Rig count in U.S. increases
HOUSTON — The number of rigs actively exploring for oil and natural gas in the U.S. is up by six this week to 1,965. Houston-based oil field services company Baker Hughes Inc. reported Friday that 1,419 rigs were exploring for oil and 542 for gas. Four were listed as miscellaneous. A year ago, Baker Hughes reported 1,887 rigs. Of the major oil- and gas-producing states, North Dakota gained four rigs, Pennsylvania added three, and West Virginia, Oklahoma and Colorado were up one each. Texas declined by two rigs, and Alaska, Arkansas and New Mexico lost one each. California, Louisiana, New Mexico and Wyoming were unchanged. The rig count peaked at 4,530 in 1981 and bottomed out at 488 in 1999.
Ga. bank fails; is 32nd in U.S. in '12
WASHINGTON — Federal regulators have closed a small bank in Georgia, bringing the number of U.S. banks that have failed so far this year to 32. The Federal Deposit Insurance Corp. said Friday that it seized Montgomery Bank & Trust, based in Ailey. The bank, which had two branches, had about $173.6 million in assets and $164.4 million in deposits as of March 31. Montgomery Bank & Trust is the sixth FDIC-insured institution in Georgia to fail this year. Ameris Bank of Moultrie, Ga., agreed to take over the failed bank's deposits and purchase $12.4 million of its assets. The FDIC said it will retain Montgomery's remaining assets for later sale. Regulators estimate the bank's failure will cost the insurance fund $75.2 million.

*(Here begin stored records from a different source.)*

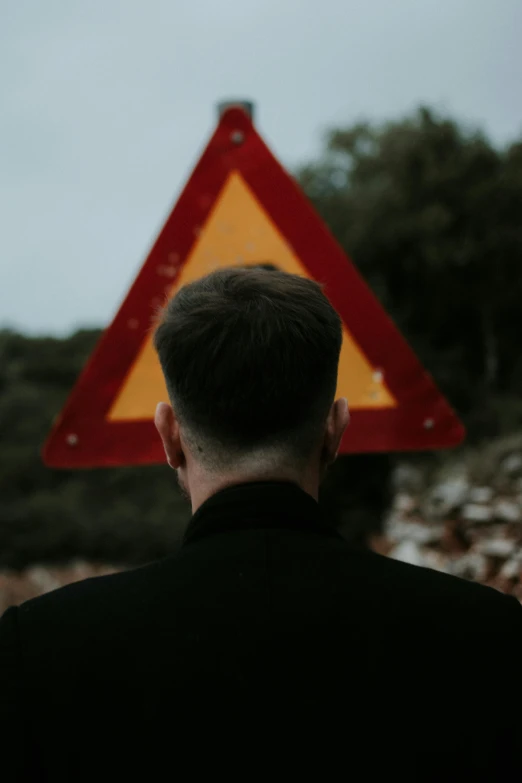 a man standing underneath a red yellow triangle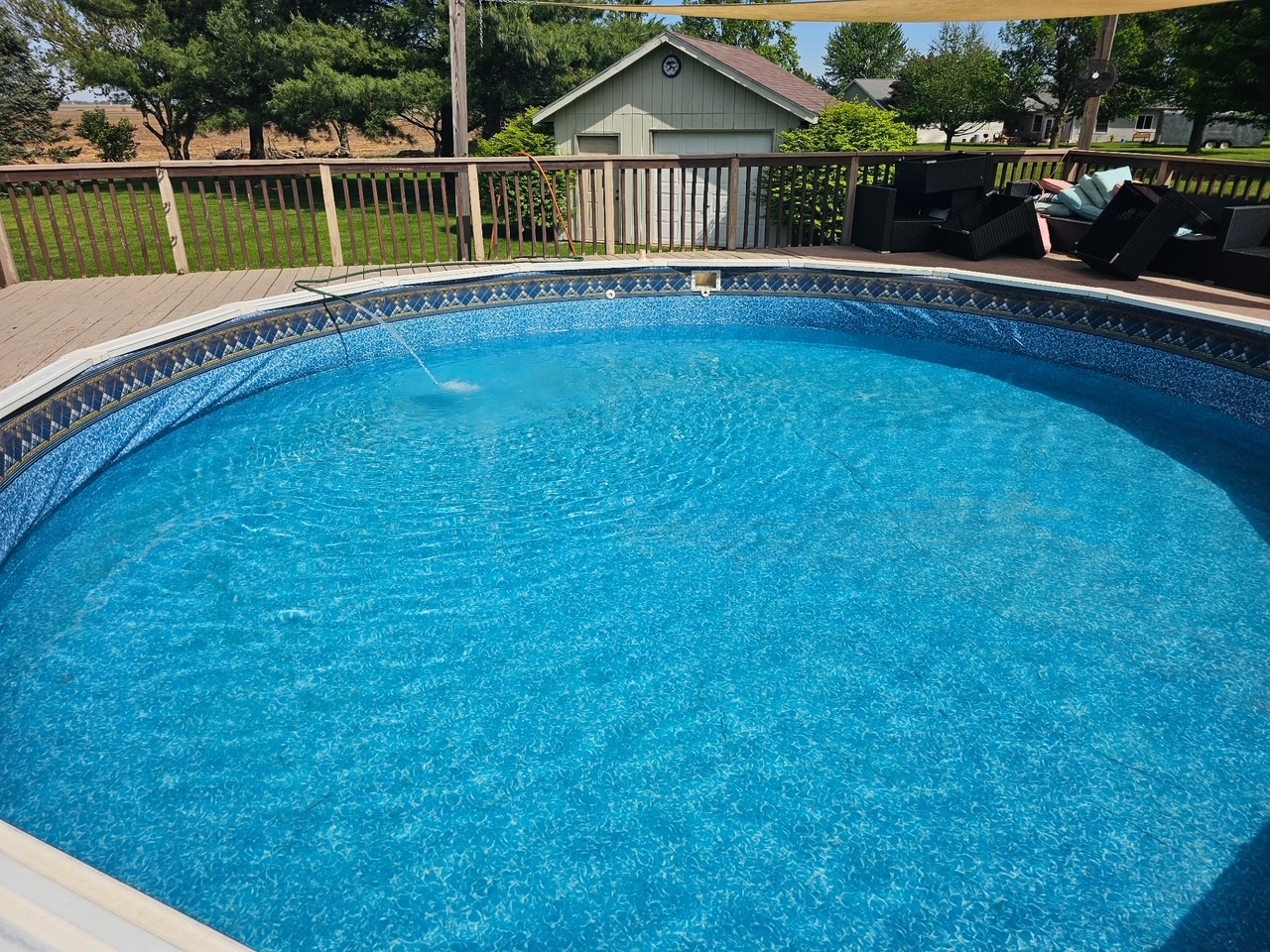 7629 White Oak Road Clinton, IL 61727 - Photo 10 of 47 a view of a house with a wooden deck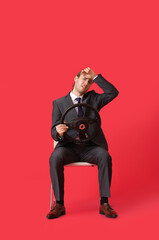 Tired young businessman with steering wheel sitting on chair against color background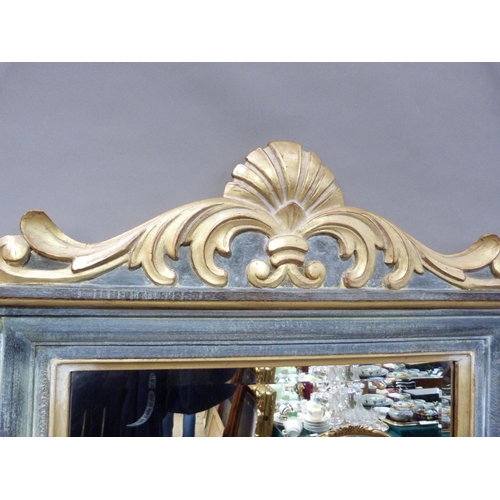 354 - A modern wall mirror in gilt and grey having a shell and foliate scroll pediment and apron, the rect... 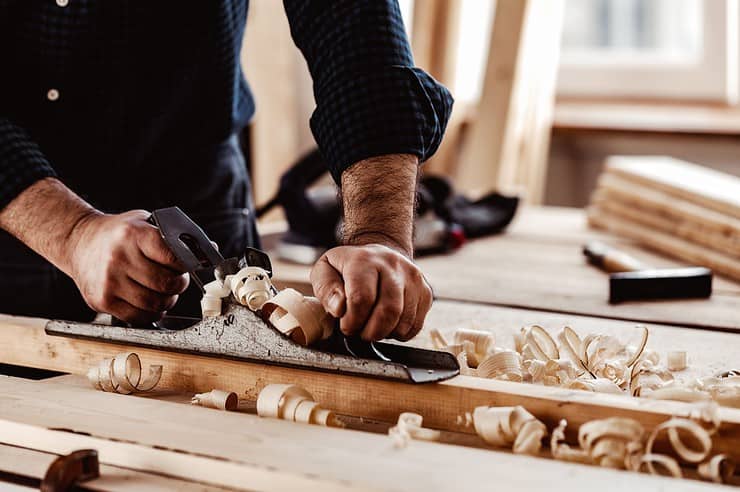 Un homme en train de raboter une planche en bois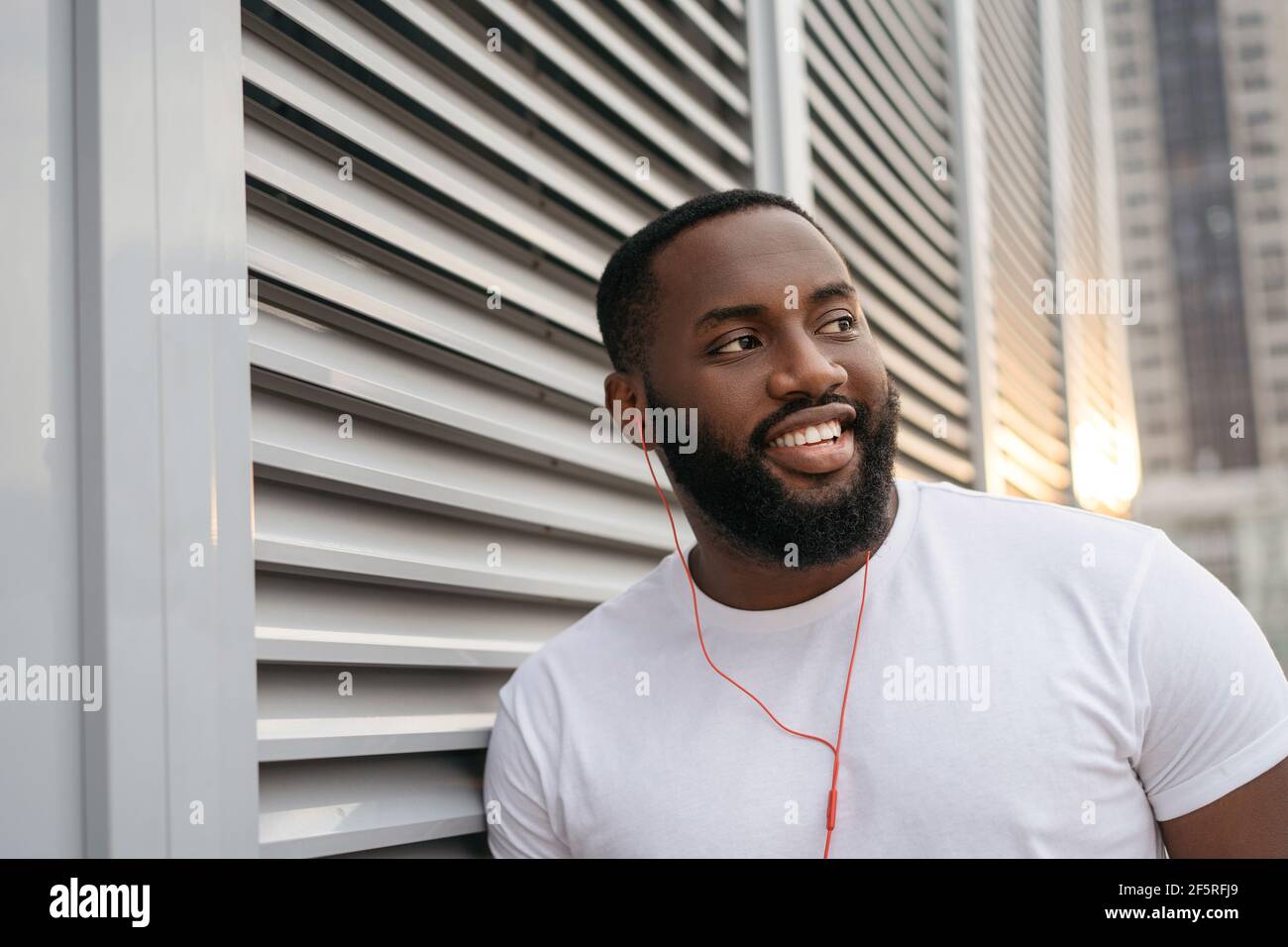 Autentico ritratto di bell'afroamericano che posa per immagini, sorridente, in piedi per strada. Ragazzo con un buon porticato che ascolta musica all'aperto Foto Stock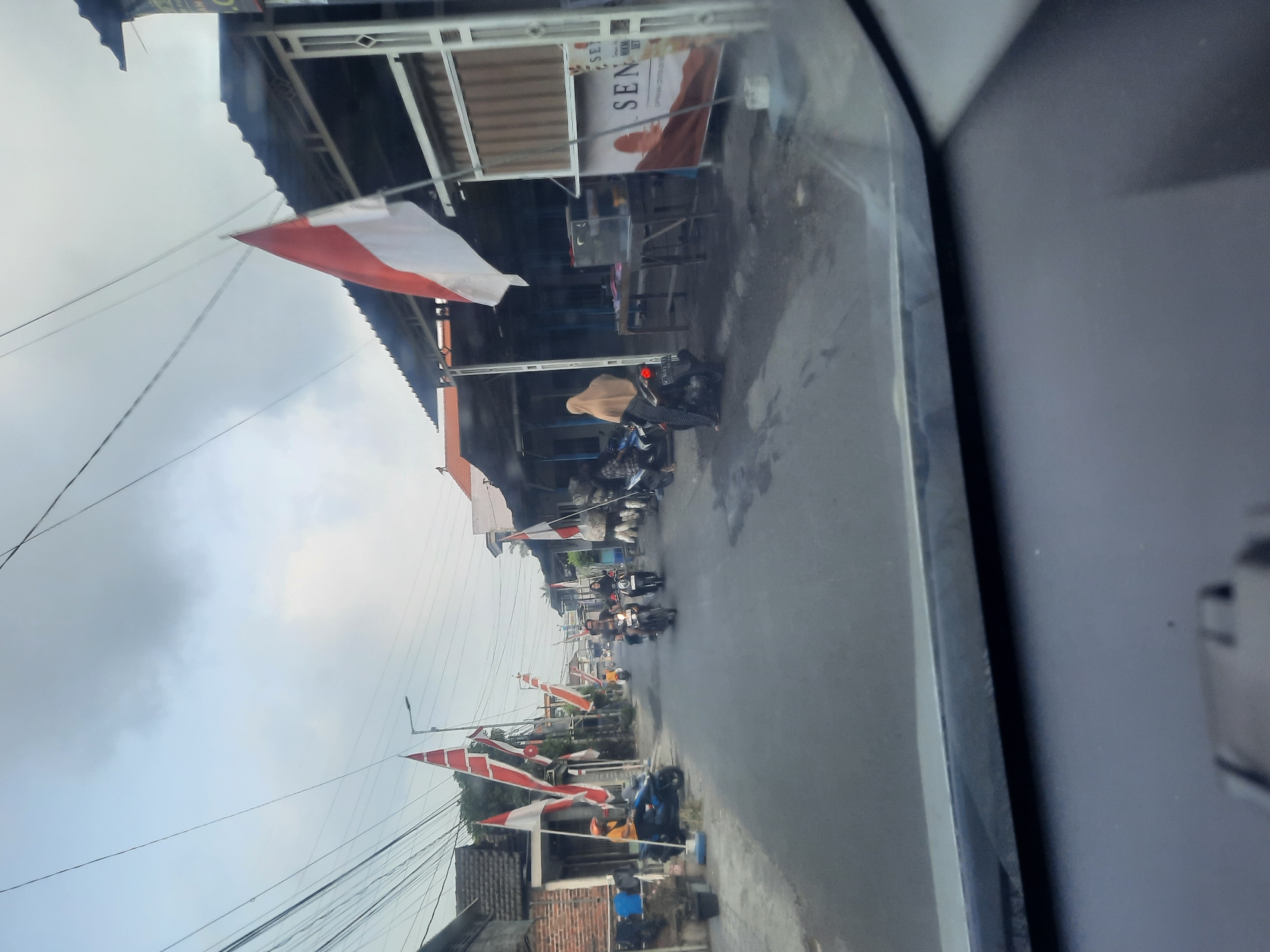 The image shows a street scene in Sidokepung, Indonesia. The road is lined with buildings, some of which appear to be shops or market stalls. Indonesian flags, red and white, are prominently displayed along the street, suggesting a national celebration or commemoration. Several people are present, mostly on motorcycles, navigating the road. One person, wearing a beige headscarf, is seated on a motorcycle. Another individual in a yellow shirt is also on a motorcycle. The sky is overcast with clouds. The foreground shows the interior of a vehicle, likely from which the photo was taken, with a dashboard and windshield visible.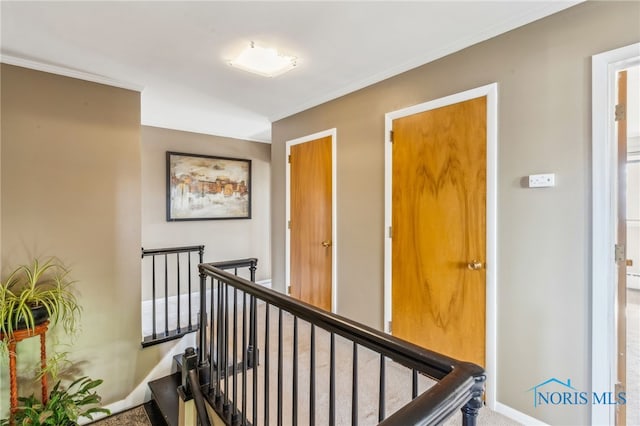 corridor with baseboards, ornamental molding, carpet, and an upstairs landing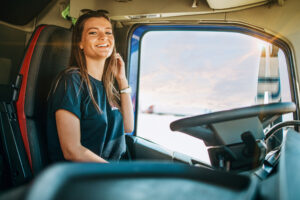 Professional female truck driver resting after drive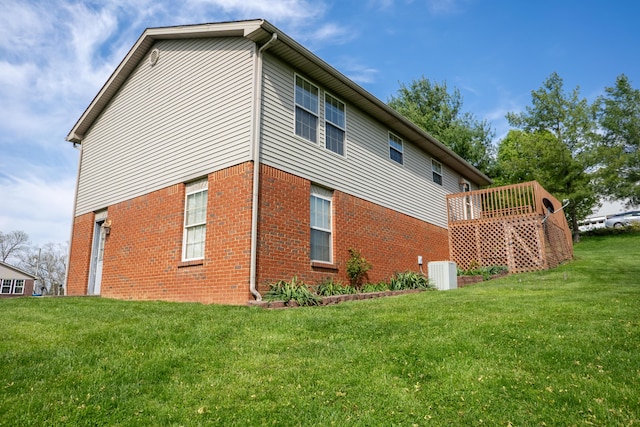 view of side of property featuring central AC, brick siding, and a yard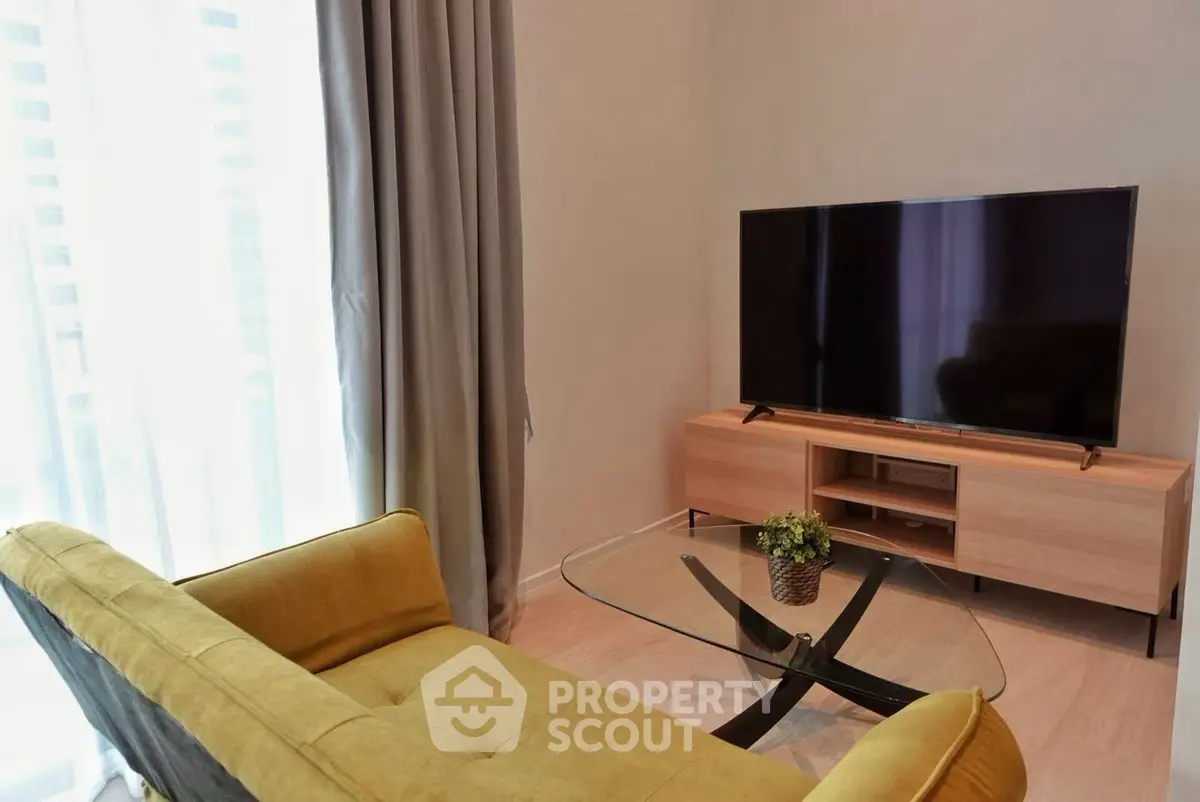 Modern living room with stylish furniture and large TV, perfect for relaxation and entertainment.
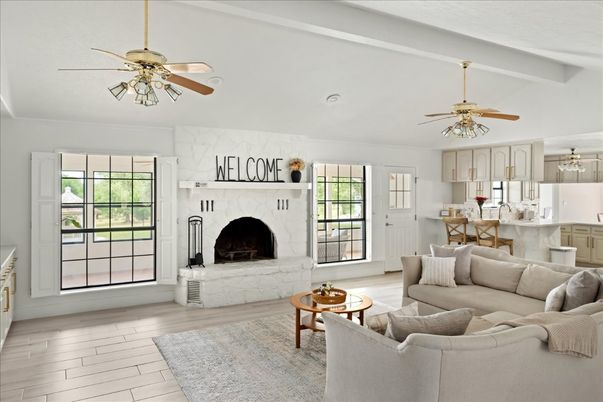 Dining room, Fireplace, Interior, Living room, Recessed Lighting, Wood Texture Flooring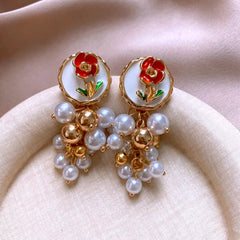 Angled view of the 14K Gold-Plated Elegant Flower Bead Tassel Earrings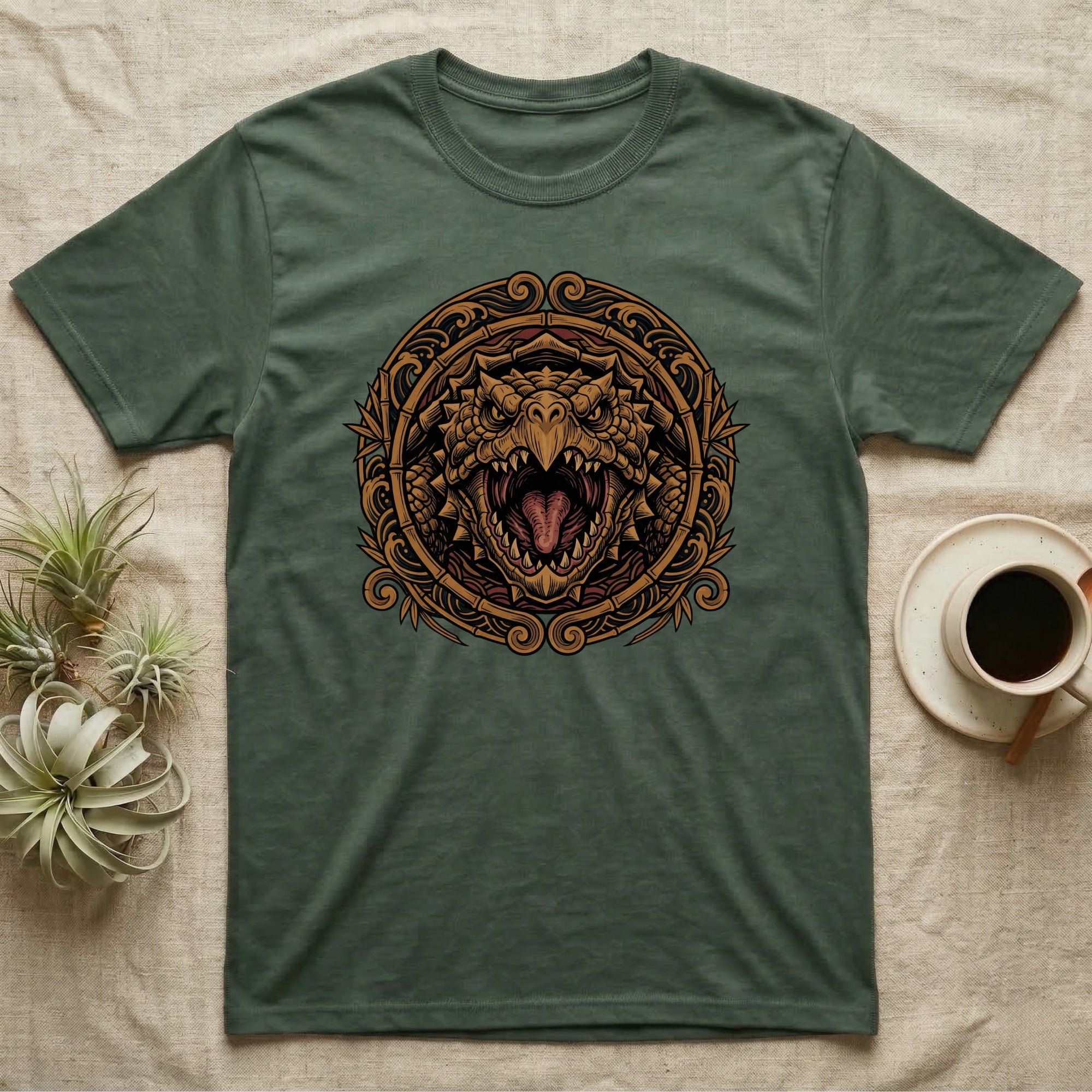 Green t-shirt with a circular, ornate dragon head design.
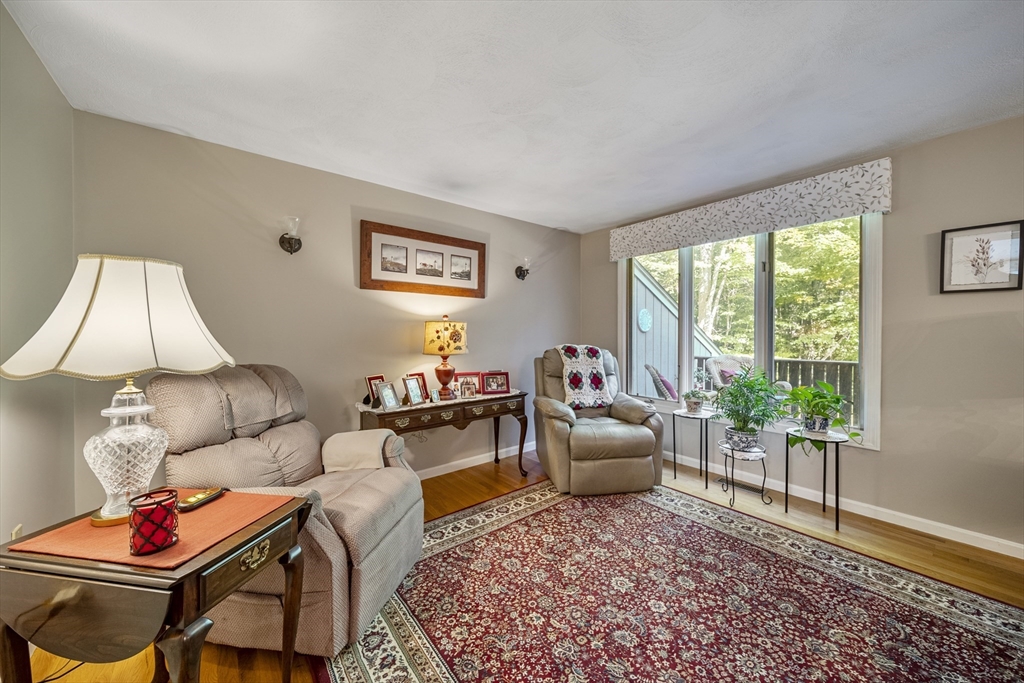 21 Tulip Circle, Unit 21 Haverhill, MA 01830 - Photo 8 of 26 a living room with furniture and a window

Heinz CEO's pay package drops
NEW YORK — H.J. Heinz Co., the world's biggest ketchup maker, says it gave its CEO a pay package worth $14.4 million in its 2012 fiscal year, down 8 percent from the year before, according to an Associated Press analysis of a regulatory filing. The drop in pay for William Johnson, 63, chief executive since 2000, was largely the result of lower performance-based bonus pay. The company's net income for the fiscal year ending April 29 declined 7 percent from the previous year. Johnson also serves as chairman and president, and received a $1.3 million salary, up 4 percent from the previous year. He got stock and options worth $4.1 million, compared with $4 million the previous year. His bonus pay was $7.7 million, down 13 percent from $8.9 million, and all other compensation such as car allowances and contributions to retirement plans amounted to $1.3 million.